Magnetism and superconductivity in doped triangular-lattice Mott insulators

TL;DR

This paper investigates the interplay of magnetism and superconductivity in doped triangular-lattice Mott insulators using an extended Hubbard model, revealing a complex phase diagram with competing and coexisting orders.

Contribution

It introduces a comprehensive extended Hubbard model on a triangular lattice to explore magnetic and superconducting phases, including coexistence and phase transitions.

Findings

Rich phase diagram with various magnetic orders and pairing states

Identification of nesting vectors and Lifshitz transition

Coexistence of magnetism and triplet superconductivity

Abstract

Inspired by recent advances in the fabrication of surface superlattices, and in particular the triangular lattice made of tin (Sn) atoms on silicon, we study an extended Hubbard mode on a triangular lattice.
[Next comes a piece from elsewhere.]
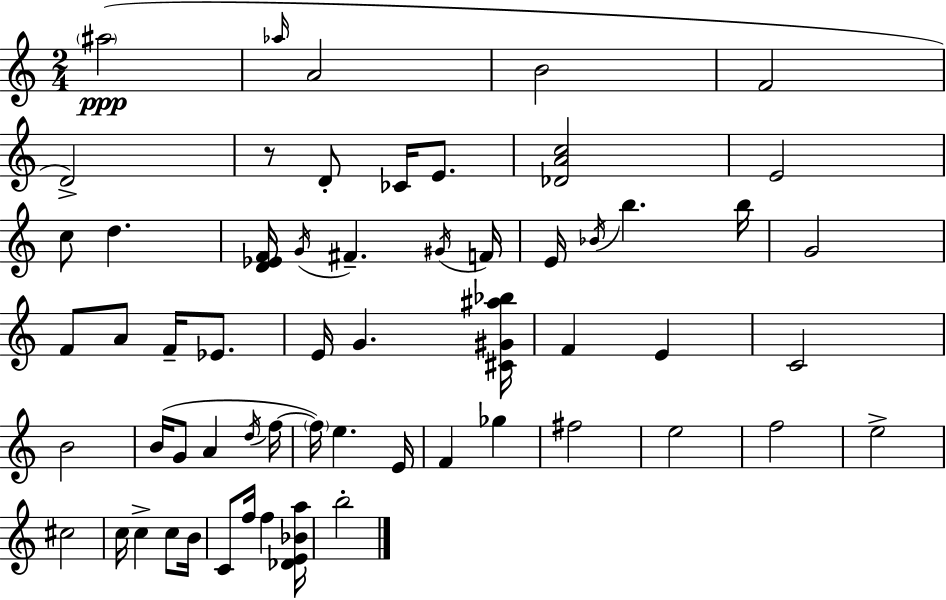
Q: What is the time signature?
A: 2/4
The observations of magnetism in these systems justify the inclusion of a strong on-site repulsion and the observation of superconductivity suggests including an effective, nearest-neighbor attractive interaction. The attractive interaction mimics the effect of strong on-site repulsion near half filling, which can be seen in strong coupling vertex calculations such as the Eliashberg method. With this extended Hubbard model on a triangular lattice with its geometrical frustration, we find a rich phase diagram of various magnetic orders and pairing functions, within the framework of self-consistent mean field theory. We uncover the competition among magnetism and unconventional superconductivity, and their coexistence for triplet pairings. We follow the Fermi surface of the system as the system is doped away from half filling and find nesting vectors and a Lifshitz transition which provide an intuitive understanding of the phase transitions between the many orders we consider.